By: Travis Downs (travis.downs.delete@this.gmail.com), June 13, 2020 3:18 pm
Room: Moderated Discussions
Linus Torvalds (torvalds.delete@this.linux-foundation.org) on December 22, 2017 1:16 pm wrote:
> You're right. Intel does document writeback L1, so my theory
> of "store buffer always drains to L2" must be garbage.
>
> So clearly the store buffer must drain to L1 if it exists.
>
> That doesn't invalidate the other part of the theory: the very act of the store
> buffer draining to two different cache levels might end up requiring the store
> buffer to be synchronized because of the store ordering visibility guarantees.
>
> But yeah, it's a pretty weak argument.
>
> So I'm probably wrong. I don't see what else would make
> the cache level switching matter for timing, though.
>
> Linus
I looked a bit more at this and I think you were basically right about this at least at the high level: it is an ordering problem. I don't think the stores drain directly to L2 though: that's not necessary to make this work.
Rather, it's a consequence of keeping the observability point (GO) of stores in order, combined with an optimization for stores that miss in certain matters that can remain ordered in the fill buffers.
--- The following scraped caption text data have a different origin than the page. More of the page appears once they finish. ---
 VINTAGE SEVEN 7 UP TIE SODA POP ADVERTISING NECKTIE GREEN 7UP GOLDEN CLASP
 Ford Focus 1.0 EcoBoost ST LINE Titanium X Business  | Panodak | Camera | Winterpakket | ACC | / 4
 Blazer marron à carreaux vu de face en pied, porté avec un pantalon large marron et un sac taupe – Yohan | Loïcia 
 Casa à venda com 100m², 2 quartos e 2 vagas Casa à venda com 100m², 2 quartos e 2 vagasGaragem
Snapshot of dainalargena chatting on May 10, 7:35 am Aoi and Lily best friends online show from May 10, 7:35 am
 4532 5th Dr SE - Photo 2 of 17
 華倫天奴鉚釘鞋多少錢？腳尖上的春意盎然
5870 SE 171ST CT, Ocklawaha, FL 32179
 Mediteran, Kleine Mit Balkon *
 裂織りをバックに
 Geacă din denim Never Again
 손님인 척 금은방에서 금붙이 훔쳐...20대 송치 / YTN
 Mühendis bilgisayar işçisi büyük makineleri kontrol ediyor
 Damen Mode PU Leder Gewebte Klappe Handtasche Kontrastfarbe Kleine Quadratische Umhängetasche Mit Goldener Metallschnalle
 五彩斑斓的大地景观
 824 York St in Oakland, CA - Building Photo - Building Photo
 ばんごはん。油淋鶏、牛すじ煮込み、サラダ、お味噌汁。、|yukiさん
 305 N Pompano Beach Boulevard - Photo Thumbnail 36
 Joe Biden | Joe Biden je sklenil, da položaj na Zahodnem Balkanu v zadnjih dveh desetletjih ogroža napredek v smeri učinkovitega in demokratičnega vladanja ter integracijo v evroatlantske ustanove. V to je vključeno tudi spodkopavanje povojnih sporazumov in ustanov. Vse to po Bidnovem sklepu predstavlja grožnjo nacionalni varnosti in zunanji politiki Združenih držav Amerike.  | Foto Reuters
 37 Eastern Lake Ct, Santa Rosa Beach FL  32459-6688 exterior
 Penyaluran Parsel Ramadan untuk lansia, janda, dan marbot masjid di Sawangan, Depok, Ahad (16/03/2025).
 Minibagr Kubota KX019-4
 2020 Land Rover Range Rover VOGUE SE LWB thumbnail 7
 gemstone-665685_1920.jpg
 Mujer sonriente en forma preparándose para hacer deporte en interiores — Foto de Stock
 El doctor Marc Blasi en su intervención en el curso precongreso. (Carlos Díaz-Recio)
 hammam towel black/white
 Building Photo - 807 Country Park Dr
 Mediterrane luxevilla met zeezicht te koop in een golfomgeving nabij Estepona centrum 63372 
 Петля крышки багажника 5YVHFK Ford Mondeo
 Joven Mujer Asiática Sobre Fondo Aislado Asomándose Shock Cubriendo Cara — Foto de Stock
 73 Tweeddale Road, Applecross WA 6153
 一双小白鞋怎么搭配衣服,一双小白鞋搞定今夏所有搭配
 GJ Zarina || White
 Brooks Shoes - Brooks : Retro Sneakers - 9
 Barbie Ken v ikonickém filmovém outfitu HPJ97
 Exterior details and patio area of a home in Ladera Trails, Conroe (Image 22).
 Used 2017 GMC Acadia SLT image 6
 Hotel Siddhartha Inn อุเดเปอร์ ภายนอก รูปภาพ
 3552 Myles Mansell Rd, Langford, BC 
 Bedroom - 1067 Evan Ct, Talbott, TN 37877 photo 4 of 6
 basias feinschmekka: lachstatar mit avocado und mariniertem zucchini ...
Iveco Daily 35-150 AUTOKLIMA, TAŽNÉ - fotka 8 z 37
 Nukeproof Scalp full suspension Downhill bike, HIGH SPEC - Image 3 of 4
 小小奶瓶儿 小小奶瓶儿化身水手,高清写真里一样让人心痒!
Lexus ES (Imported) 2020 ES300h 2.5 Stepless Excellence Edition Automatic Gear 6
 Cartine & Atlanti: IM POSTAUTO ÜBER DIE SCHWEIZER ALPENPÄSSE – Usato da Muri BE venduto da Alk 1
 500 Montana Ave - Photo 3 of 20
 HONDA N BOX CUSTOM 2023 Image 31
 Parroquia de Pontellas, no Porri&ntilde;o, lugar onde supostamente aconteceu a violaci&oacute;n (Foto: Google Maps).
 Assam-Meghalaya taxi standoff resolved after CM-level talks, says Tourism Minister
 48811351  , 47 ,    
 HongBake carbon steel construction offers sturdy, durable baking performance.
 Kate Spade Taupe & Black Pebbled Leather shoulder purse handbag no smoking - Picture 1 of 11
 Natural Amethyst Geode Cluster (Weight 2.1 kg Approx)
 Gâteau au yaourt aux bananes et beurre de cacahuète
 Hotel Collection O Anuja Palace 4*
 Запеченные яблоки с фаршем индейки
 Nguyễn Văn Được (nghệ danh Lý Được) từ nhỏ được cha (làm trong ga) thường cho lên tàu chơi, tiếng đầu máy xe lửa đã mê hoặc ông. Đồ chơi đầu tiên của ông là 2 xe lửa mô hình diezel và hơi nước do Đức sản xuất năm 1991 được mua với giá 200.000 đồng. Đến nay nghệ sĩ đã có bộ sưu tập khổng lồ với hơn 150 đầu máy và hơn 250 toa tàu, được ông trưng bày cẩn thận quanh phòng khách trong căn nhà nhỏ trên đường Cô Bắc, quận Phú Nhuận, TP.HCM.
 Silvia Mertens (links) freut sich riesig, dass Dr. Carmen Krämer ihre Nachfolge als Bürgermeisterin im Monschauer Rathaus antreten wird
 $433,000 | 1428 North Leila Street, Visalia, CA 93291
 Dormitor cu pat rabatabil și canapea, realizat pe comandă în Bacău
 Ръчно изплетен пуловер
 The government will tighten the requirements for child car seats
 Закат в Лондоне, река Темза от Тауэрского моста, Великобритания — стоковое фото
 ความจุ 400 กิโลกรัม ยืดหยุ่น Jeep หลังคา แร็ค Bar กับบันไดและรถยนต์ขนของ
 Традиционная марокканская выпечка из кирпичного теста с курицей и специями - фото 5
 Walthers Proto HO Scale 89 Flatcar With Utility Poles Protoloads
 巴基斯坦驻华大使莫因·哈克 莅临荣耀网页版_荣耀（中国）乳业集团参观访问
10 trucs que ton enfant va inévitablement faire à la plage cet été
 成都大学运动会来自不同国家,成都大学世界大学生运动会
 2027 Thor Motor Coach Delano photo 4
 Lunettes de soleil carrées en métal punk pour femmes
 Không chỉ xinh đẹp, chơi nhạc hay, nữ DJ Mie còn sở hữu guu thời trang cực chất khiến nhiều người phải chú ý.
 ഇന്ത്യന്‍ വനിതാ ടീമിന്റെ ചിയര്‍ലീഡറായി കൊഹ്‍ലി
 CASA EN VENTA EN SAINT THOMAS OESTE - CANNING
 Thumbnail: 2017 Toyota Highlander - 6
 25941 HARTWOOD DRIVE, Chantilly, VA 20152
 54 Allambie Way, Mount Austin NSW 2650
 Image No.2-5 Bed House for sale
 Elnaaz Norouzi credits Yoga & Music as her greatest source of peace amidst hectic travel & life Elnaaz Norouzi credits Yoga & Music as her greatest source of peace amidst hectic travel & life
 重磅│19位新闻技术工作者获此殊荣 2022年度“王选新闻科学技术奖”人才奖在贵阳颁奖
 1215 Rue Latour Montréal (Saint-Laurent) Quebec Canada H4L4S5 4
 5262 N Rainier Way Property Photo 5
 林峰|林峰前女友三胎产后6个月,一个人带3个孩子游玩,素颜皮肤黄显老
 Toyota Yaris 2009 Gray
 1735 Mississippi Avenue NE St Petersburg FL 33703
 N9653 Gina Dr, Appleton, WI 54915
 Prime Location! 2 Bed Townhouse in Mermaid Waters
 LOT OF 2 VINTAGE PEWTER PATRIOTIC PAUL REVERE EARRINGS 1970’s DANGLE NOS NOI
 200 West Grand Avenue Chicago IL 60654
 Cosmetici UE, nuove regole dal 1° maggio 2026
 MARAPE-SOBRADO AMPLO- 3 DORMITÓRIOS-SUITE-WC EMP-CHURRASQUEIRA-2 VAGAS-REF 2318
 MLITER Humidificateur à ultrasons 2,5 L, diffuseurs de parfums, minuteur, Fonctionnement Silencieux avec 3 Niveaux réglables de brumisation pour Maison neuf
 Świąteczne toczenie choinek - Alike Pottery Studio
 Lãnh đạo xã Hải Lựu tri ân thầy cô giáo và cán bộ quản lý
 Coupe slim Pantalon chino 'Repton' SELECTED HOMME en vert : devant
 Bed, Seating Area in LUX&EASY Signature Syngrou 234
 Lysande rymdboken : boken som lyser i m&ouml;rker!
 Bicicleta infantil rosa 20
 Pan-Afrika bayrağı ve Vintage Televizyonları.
A store to L1 hit becomes GO the moment it commits to L1 (the line is already in E/M state by definition). A store that misses in L1 allocates a fill buffer, and drains into that buffer. When the line returns, written bytes in the fill buffer are merged with the incoming data and committed to L1: this is the GO point for a miss (so really, it's the same as a hit: the moment the store gets committed to L1).
As an optimization on current Intel, immediately subsequent stores that miss to that same line can also drain into the same open fill buffer. Furthermore, subsequent consecutive stores that miss to a different line get their own fill buffer and can drain into that one. This is handy because it allows the store buffer to keep draining when there are many stores misses to consecutive lines (linear writes being obviously a fairly common pattern).
Critically, this only works as long as the store stream is to one line at a time, never returning back to the same line: AAAABBBBCDE is fine, because you have your A, B, C, D, E fill buffers, and the fill buffer order is consistent with the store order. If you have ABAB, however, there is no ordering of A and B fill buffers that will be consistent with that order: as soon as you commit the A buffer, for example, the second A store will appear to occur before the first B store. So it is not safe to merge the second A into the fill buffer created for the B store.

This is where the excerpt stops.